North East MP welcomes plans for Pubco code of conduct
EASINGTON MP Grahame Morris has welcomed a new statutory code of practice for pub companies that should make tied landlords lives fairer.
The vice chair of the All Party Parliamentary Save the Pub group has since 2010 been campaigning to make it so that all tavern managers working at properties owned by Pubcos are no worse off than free-of-tie licencees.
“The unfair and unsustainable overcharging by the big pub companies must be stopped – and their licensees must be able to take a fair share of pub profit, which of course then means the pub can be viable and the licensee can make a living,” the County Durham politician said.
Currently tied landlords can face a system of “double overcharging” where they have to pay both hugely inflated prices to buy beer from specific suppliers and high rents.

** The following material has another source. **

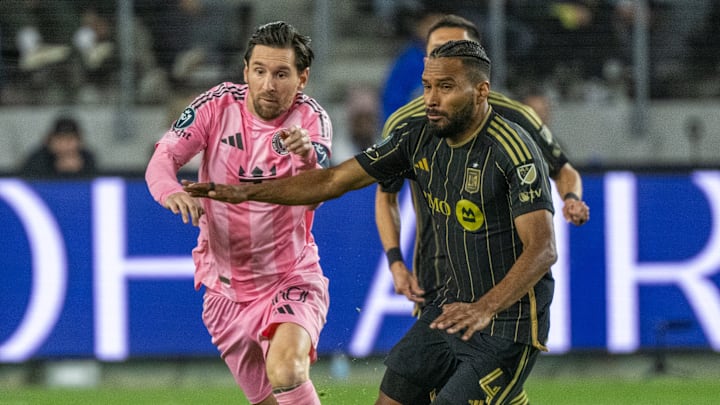 El argentino Lionel Messi del Inter Miami y el colombiano Eddie Segura de Los Ángeles FC durante el duelo de Ida. El argentino Lionel Messi del Inter Miami y el colombiano Eddie Segura de Los Ángeles FC durante el duelo de Ida.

But Mr Morris said that the simplest way for the new code to change that and make it fairer would be by offering tied landlords the option of a “market rent only” agreement, where they pay the Pubco a slightly higher rent – at a level set buy an independent adjudicator – but are free to buy beer from where they want.
The proposed system would run alongside a modified version of the current system where licencees could agree to continue buying more expensive beer through a Pubco, but in exchange for lower rent payments.
“To be clear this would not be abolishing the beer tie,” he said. “What it means very simply is licensees who choose this option would pay the fair monthly market rent to the pub-owning company, who would retain ownership of the pub.
“What this option does is make the tie work as it was always supposed to – which means in return for paying inflated prices to the Pubco for beer, it should follow that tied licensees pay a compensatory lower than market rent.
“This method would achieve the desired result without the need to intervene directly in regulating and policing beer pricing.
“Introducing a market rent only option clearly allows pub owning companies to continue offering competitive tied agreements. This would offer lower than market rents in return for higher product prices and many licensees would chose this option but with the protection of an independently assessed fair market rent and the option to pay that.
“In this way tied options would be fair to both large and small business and transparent in a way that they are currently not.”